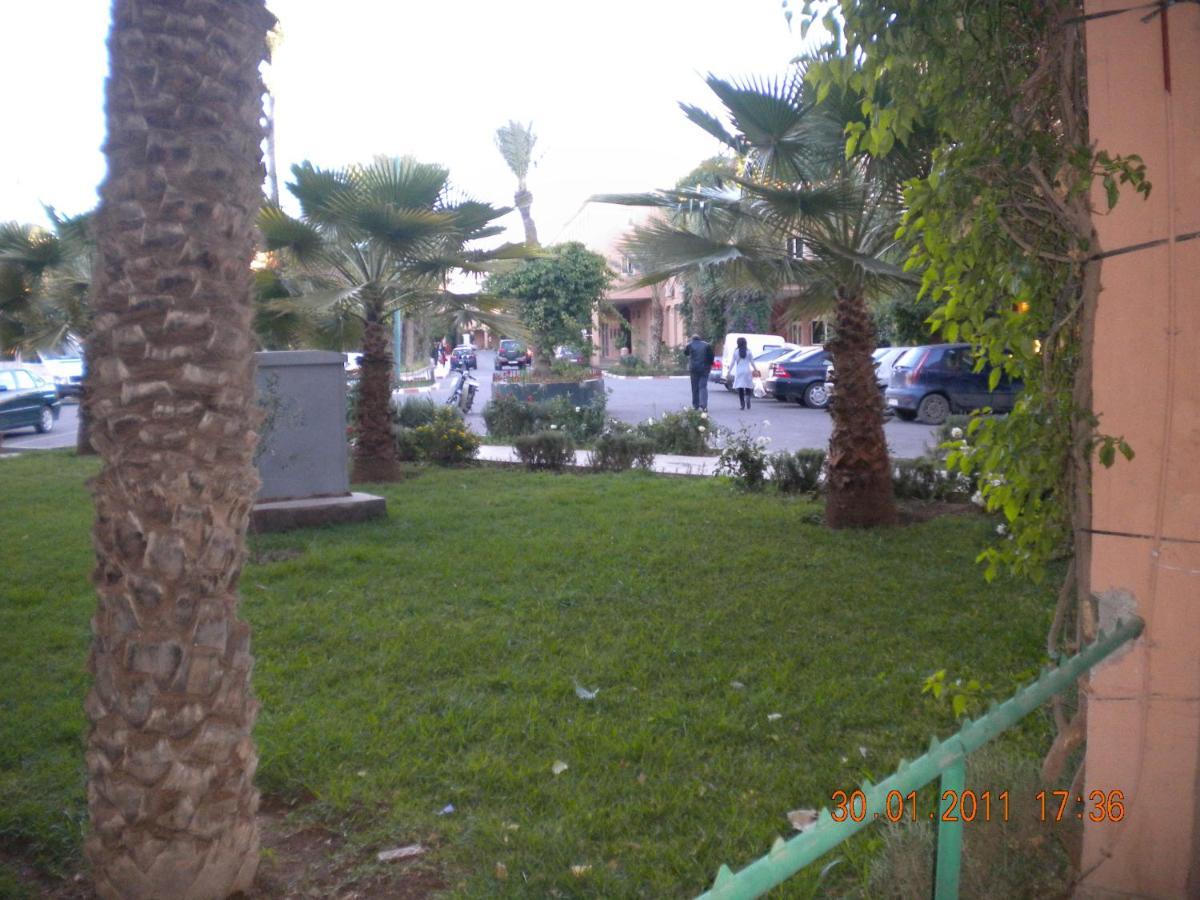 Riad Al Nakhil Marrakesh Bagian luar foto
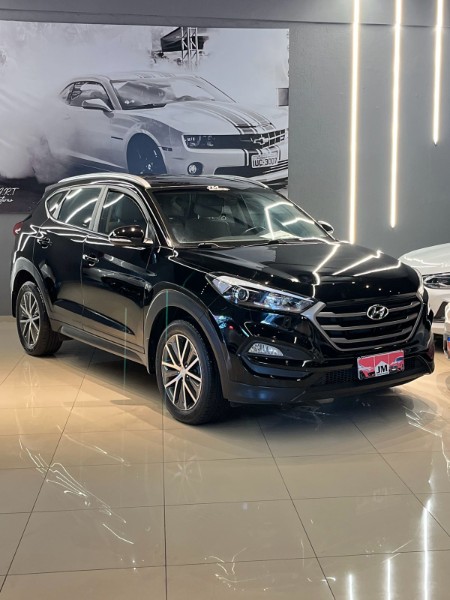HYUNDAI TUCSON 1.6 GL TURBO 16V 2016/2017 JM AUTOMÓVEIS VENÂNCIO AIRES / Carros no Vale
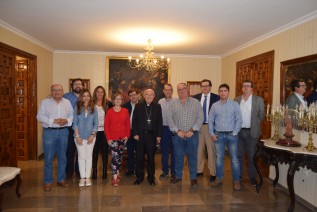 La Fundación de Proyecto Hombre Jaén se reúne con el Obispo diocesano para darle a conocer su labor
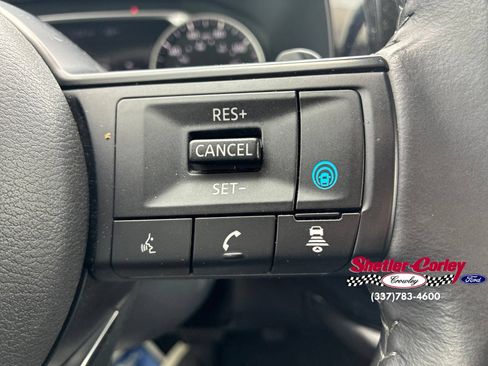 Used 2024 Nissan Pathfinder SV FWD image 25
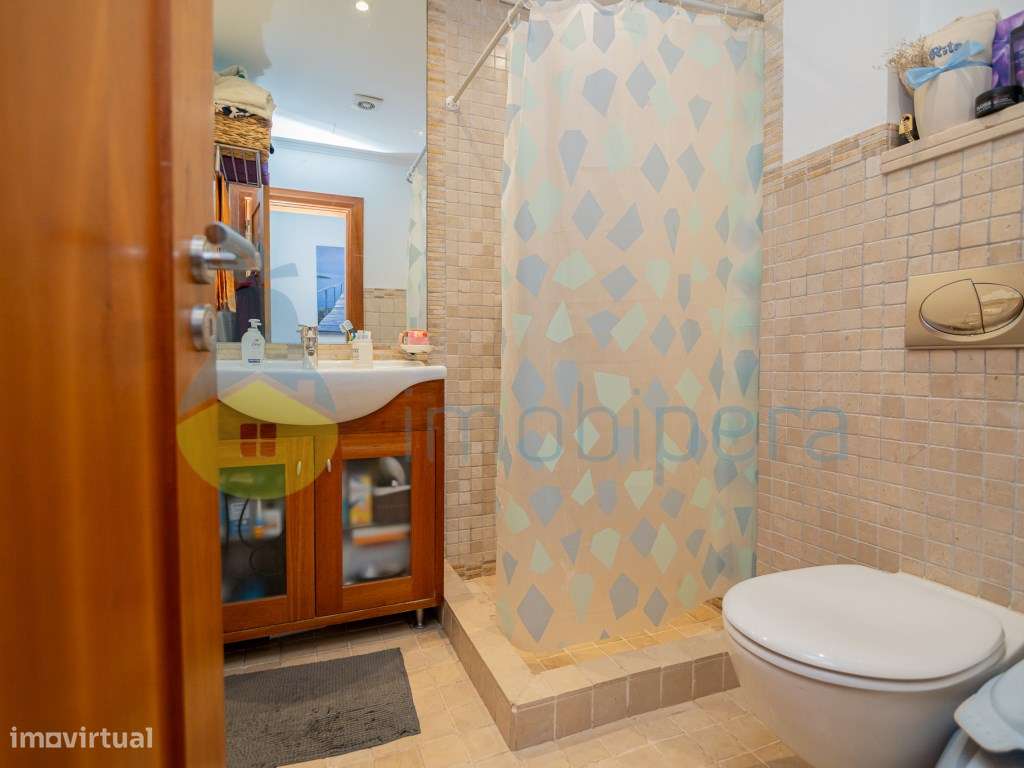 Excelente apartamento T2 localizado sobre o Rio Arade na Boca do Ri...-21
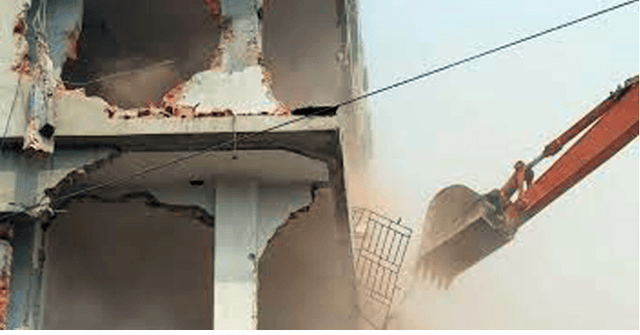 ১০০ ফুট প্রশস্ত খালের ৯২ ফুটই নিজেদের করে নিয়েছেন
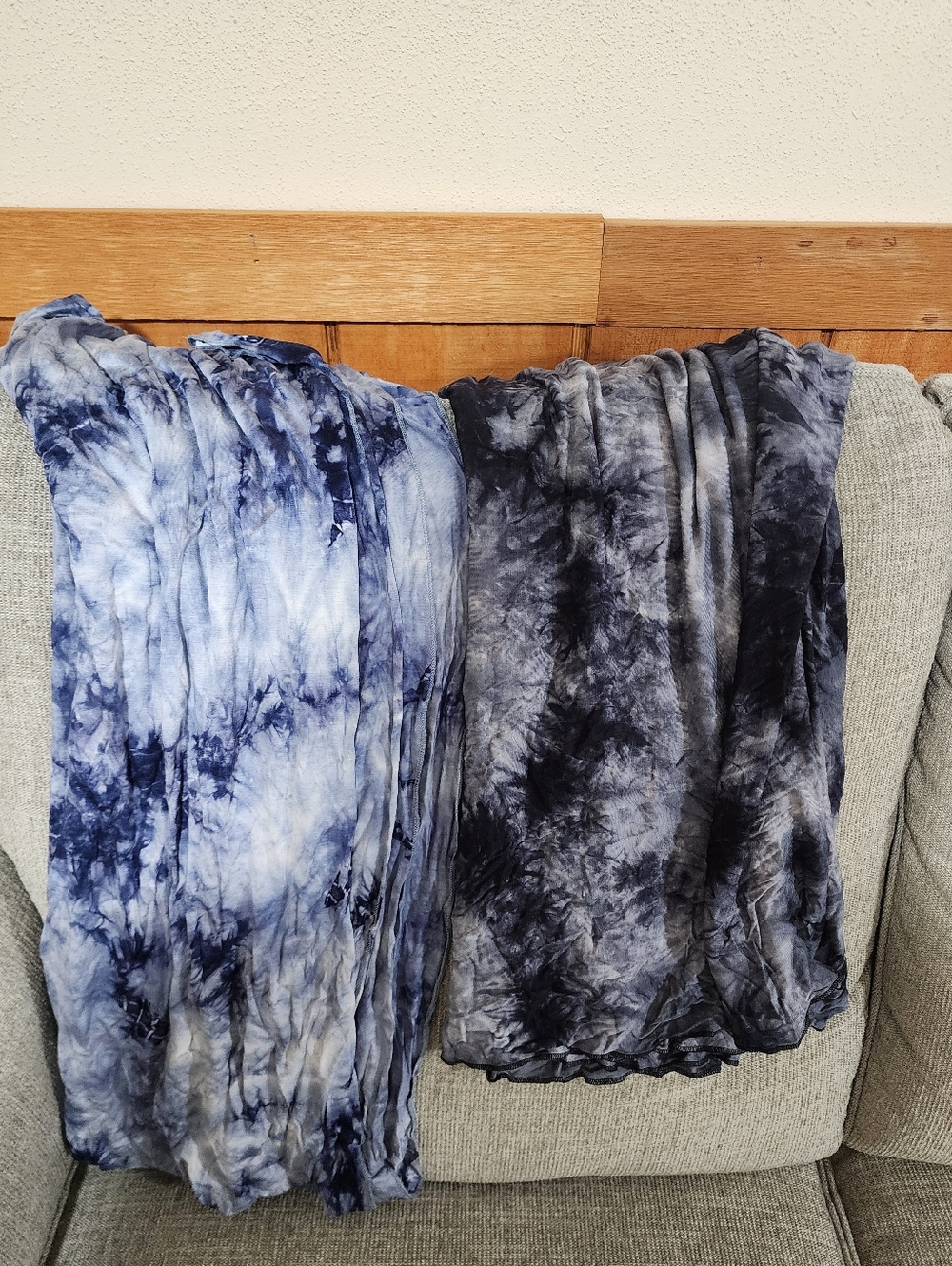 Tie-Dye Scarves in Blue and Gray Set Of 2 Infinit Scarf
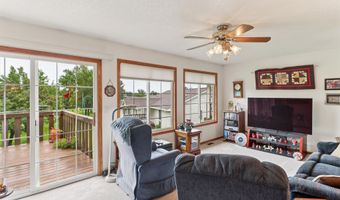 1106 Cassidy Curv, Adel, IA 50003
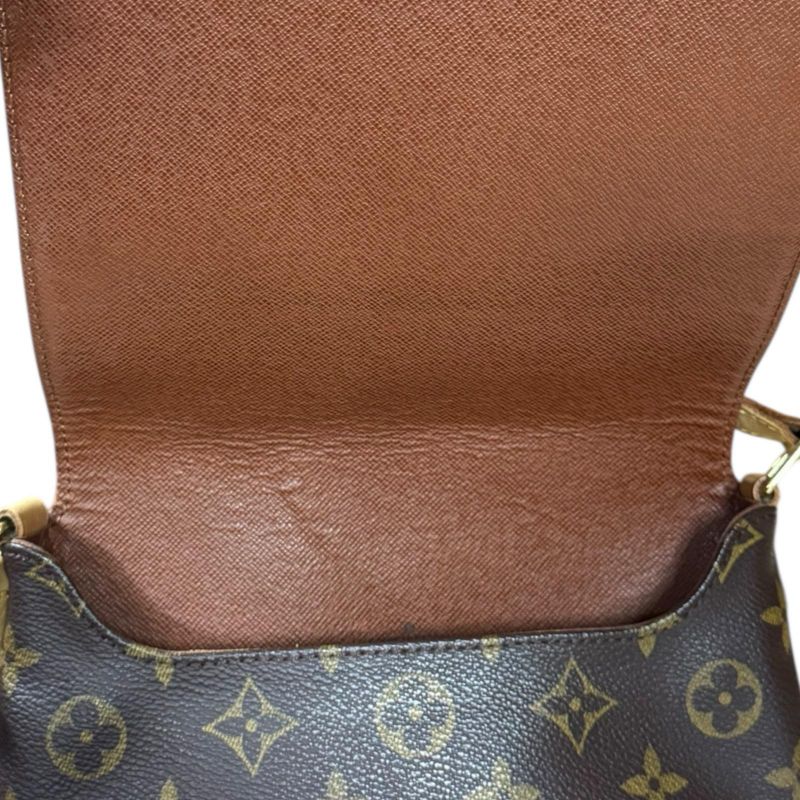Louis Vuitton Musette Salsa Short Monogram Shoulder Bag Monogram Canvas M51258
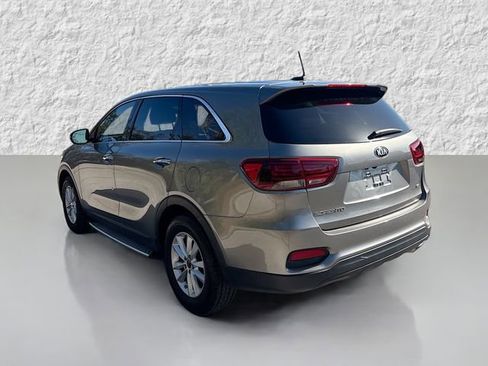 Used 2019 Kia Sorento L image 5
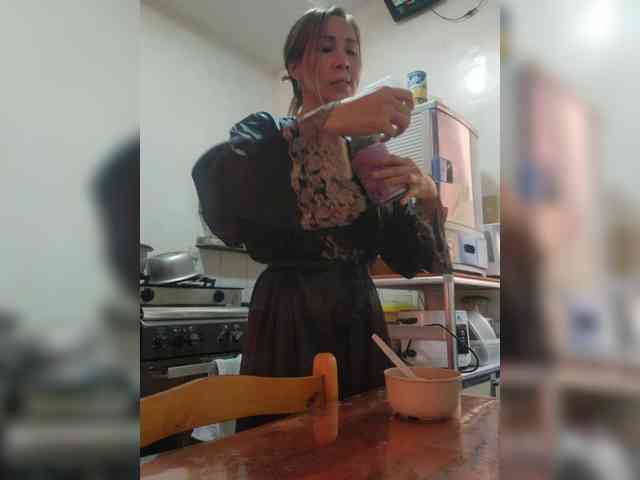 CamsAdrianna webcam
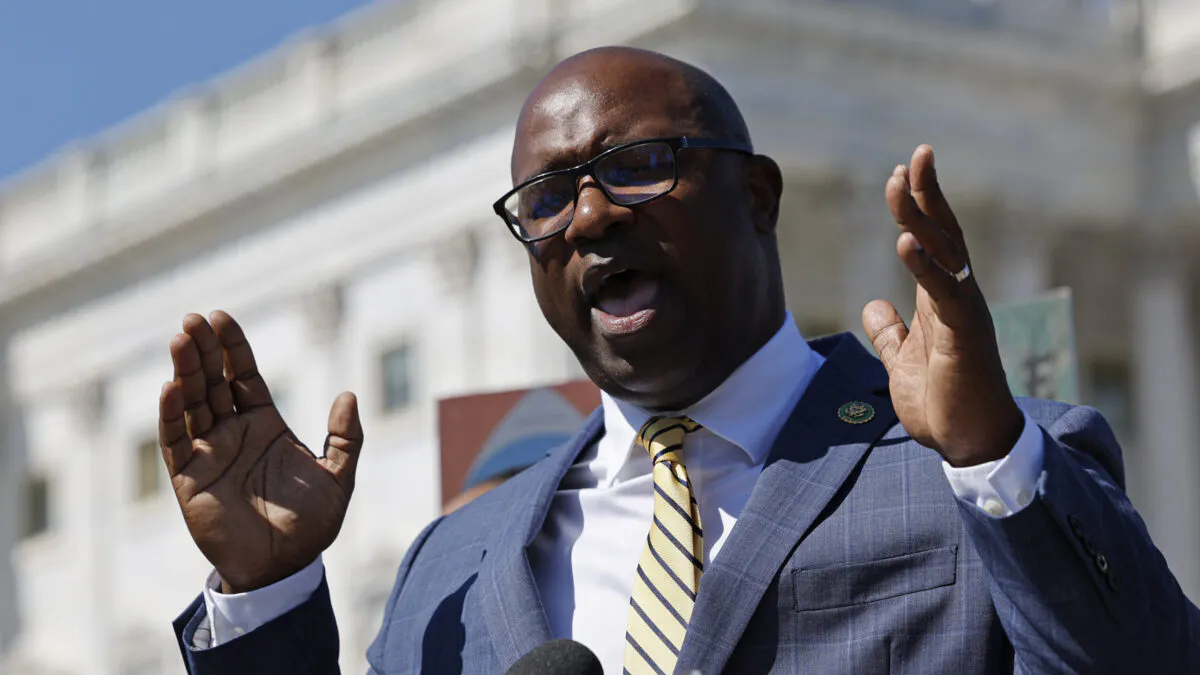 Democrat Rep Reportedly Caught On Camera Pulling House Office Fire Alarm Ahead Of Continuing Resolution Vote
────────────────
Set the pictures aside and transcribe exactly the stretch of lines above, beginning with the one holding "HYUNDAI TUCSON 1.6" and ending with the one holding "Excelente apartamento T2".

HYUNDAI TUCSON 1.6 GL TURBO 16V 2016/2017 JM AUTOMÓVEIS VENÂNCIO AIRES / Carros no Vale
 La Fundación de Proyecto Hombre Jaén se reúne con el Obispo diocesano para darle a conocer su labor
 Used 2024 Nissan Pathfinder SV FWD image 25
 Excelente apartamento T2 localizado sobre o Rio Arade na Boca do Ri...-21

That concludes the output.